It astounds me how little senior management gets a basic truth: If clients don’t trust you they will eventually stop doing business with you. It doesn’t matter how smart you are.

These days, the most common question I get from junior analysts about derivatives is, “How much money did we make off the client?” It bothers me every time I hear it, because it is a clear reflection of what they are observing from their leaders about the way they should behave. Now project 10 years into the future: You don’t have to be a rocket scientist to figure out that the junior analyst sitting quietly in the corner of the room hearing about “muppets,” “ripping eyeballs out” and “getting paid” doesn’t exactly turn into a model citizen.

When I was a first-year analyst I didn’t know where the bathroom was, or how to tie my shoelaces. I was taught to be concerned with learning the ropes, finding out what a derivative was, understanding finance, getting to know our clients and what motivated them, learning how they defined success and what we could do to help them get there.

My proudest moments in life — getting a full scholarship to go from South Africa to Stanford University, being selected as a Rhodes Scholar national finalist, winning a bronze medal for table tennis at the Maccabiah Games in Israel, known as the Jewish Olympics — have all come through hard work, with no shortcuts. Goldman Sachs today has become too much about shortcuts and not enough about achievement. It just doesn’t feel right to me anymore.

I hope this can be a wake-up call to the board of directors. Make the client the focal point of your business again. Without clients you will not make money. In fact, you will not exist. Weed out the morally bankrupt people, no matter how much money they make for the firm. And get the culture right again, so people want to work here for the right reasons. People who care only about making money will not sustain this firm — or the trust of its clients — for very much longer.

Greg Smith resigned from the position of   executive director and head of the Goldman Sachs' United States equity derivatives business in Europe, the Middle East and Africa.


The NYTimes readers said the following:

GT LaBordeBirmingham, AL
Thank you, Greg for speaking out. I have been a Goldman client since 2006, and have been trying to get my money out for several years now, to no avail. My money was placed in proprietary funds that have under-performed other similar investments and were clearly designed to maximize Goldman's profit at my expense. I am not allowed to get money out of these investments, in some cases for up to 8-10 years, without a significant "haircut" (hmmm, I wonder if Goldman partners profit from the haircut??).
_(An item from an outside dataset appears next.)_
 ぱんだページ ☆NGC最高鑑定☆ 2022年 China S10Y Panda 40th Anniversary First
In one of these investments (which has lost 35% of its value since 2008), Goldman even refuses to provide basic information, like estimates of income or expenses for tax planning purposes. I literally have to guess the income my K-1 will show when I file my taxes in April, because Goldman won't even give me an estimate (much less quarterly or annual commentary or disclosure by the fund managers). In many years, the fund shows substantial interest income (on which I have to pay taxes), but none of that income is ever distributed to me and the NAV of the fund simultaneously goes down. Where did the income go? When asked, Goldman refuses to provide specifics (even though I am a limited partner of the investment partnership and have a right to this information).

It is amazing how little Goldman cares about its customers. Goldman exists for the sole purpose of enriching its partners.
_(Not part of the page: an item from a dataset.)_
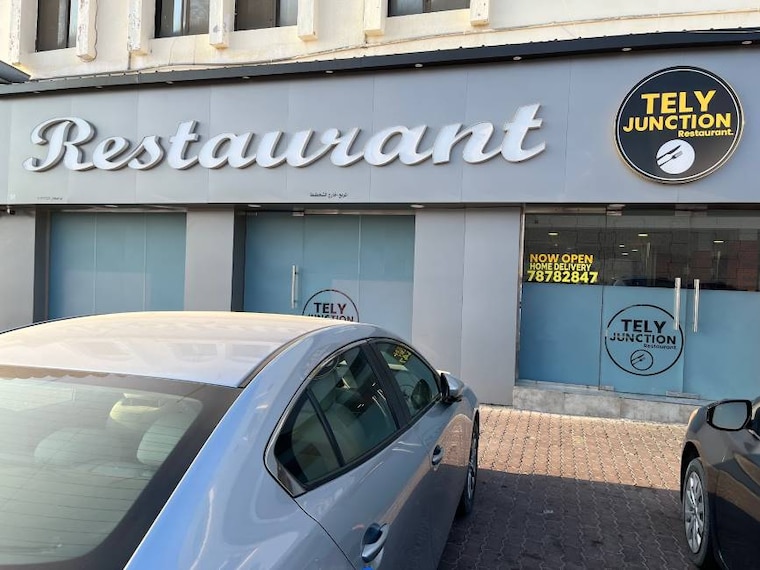 Sohar_Tely_Junction_Restaurant_1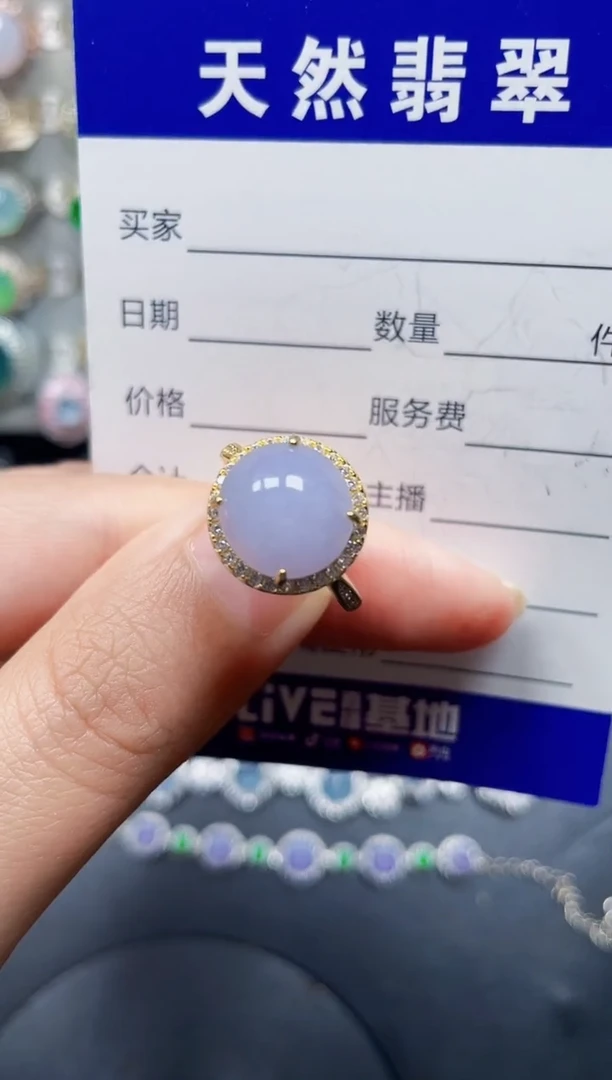 银S925镶嵌戒指翡翠35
Goldman Sachs Stole my Candy

Congratulations, Greg!

I resigned from more than one company where integrity was seriously lacking. In my first position, I was ordered to help clients lie on financial statements and change invoices - the partner actually handed me a bottle of white out! I was ordered to be a part of hiding a pension shortfall that I discovered and was walked out for refusing to go along.
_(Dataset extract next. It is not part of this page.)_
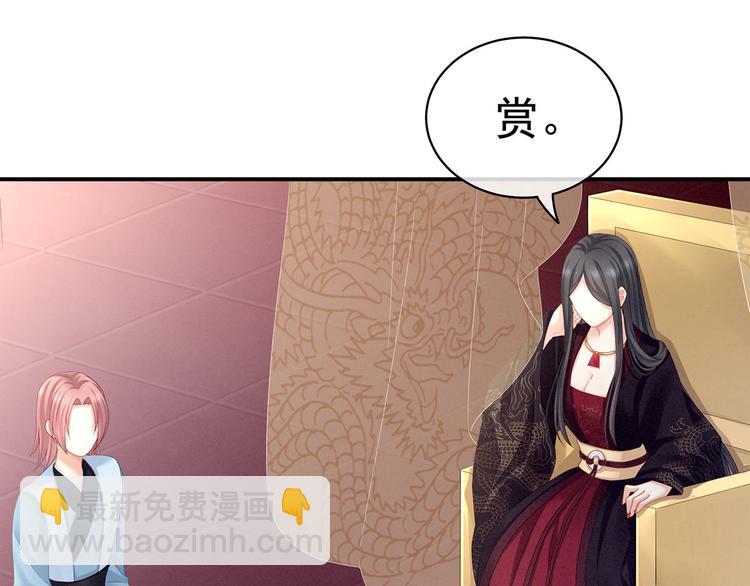第118话 剖心(1/3)-第124话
I have paid a price for walking away from these 'great opportunities', but I sleep well at night. You are brave to take a stand for your clients and for your own integrity. I applaud you for walking away and for speaking out.

JimNew York
Congratulations Greg. I hope your coworkers read the NYT. I'm sure they will have a good chuckle and maybe a nanosecond of self-reflection. If the financial catastrophe of the last few years did not affect them, I doubt your farewell letter will. They need tighter regulation and oversight, and less gullible clients. Does anyone really question why the Occupy Wall Street movement started?

I believe the change in culture you've seen at Goldman Sachs is just a reflection of the change that has taken place in our national culture over the last few decades. When I was growing up, no one considered a person's wealth to be an absolute measure of his or her worth to society. Now, for a large part of our culture, that has changed; the acquisition of wealth is seen as good, no matter how it is achieved.

Money-grubbing behavior is rewarded, and victims of such behavior are considered fair game, not just at Goldman Sachs, but everywhere. My cable company charges huge fees out of proportion to what it delivers, but fails to adequately staff customer service to field complaints. My bank has added ridiculous fees for just about everything except were expressly prohibited by law. I am put on hold for large swaths of time to get just about anything fixed. There is a fervor for ever more tax cuts for the wealthy, paid for on the backs of the middle class.

Our whole attitude about what is important has changed, and in my opinion, not for the better.

A moral decision is to be commended regardless of circumstance; coming of age in a culture that prizes the making of money to the exclusion of everything else makes reaching such a decision doubly difficult. Mr Smith is to be congratulated for his personal revelation.
However, the survival of the company pales next to the slow-motion chaos into which this behavior - by no means confined to GS - plunges the real world on a regular basis. Of course it's very clear that those responsible are not the least bit interested, for reasons mentioned in the article.
If Mr Smith is interested in clearing his conscience, he might consider working to advance real regulation of the industry - at the very least.

James StrangeCanton, Connecticut
Unfortunately my factory-working friends who took such a big hit in this latest recession don't read the NY Times. If they saw Smith's article they might then begin to see that it wasn't big government deficits that brought down the economy but this Wall Street "take the money and run" mentality. It's the way American CEOs run our corporations and it is this mentality that destroys morale all the way down to the factory floor.

Paul Cohen, Hartford CT

Mr. Smith,

What took you so long to have this epiphany? Why do you think Goldman Sachs and the rest of Wall Street bankrolls legions of high-priced lobbyists in Washington? To protect its clients and consumers? And show me one large financial services firm that places the interests of the client ahead of its profit motives? Do you plan on returning any of your large bonuses (gratis your fellow con artists) back to your clients as an apology? If not, how about the taxpayers? Forgive me for being so cynical, but gag me.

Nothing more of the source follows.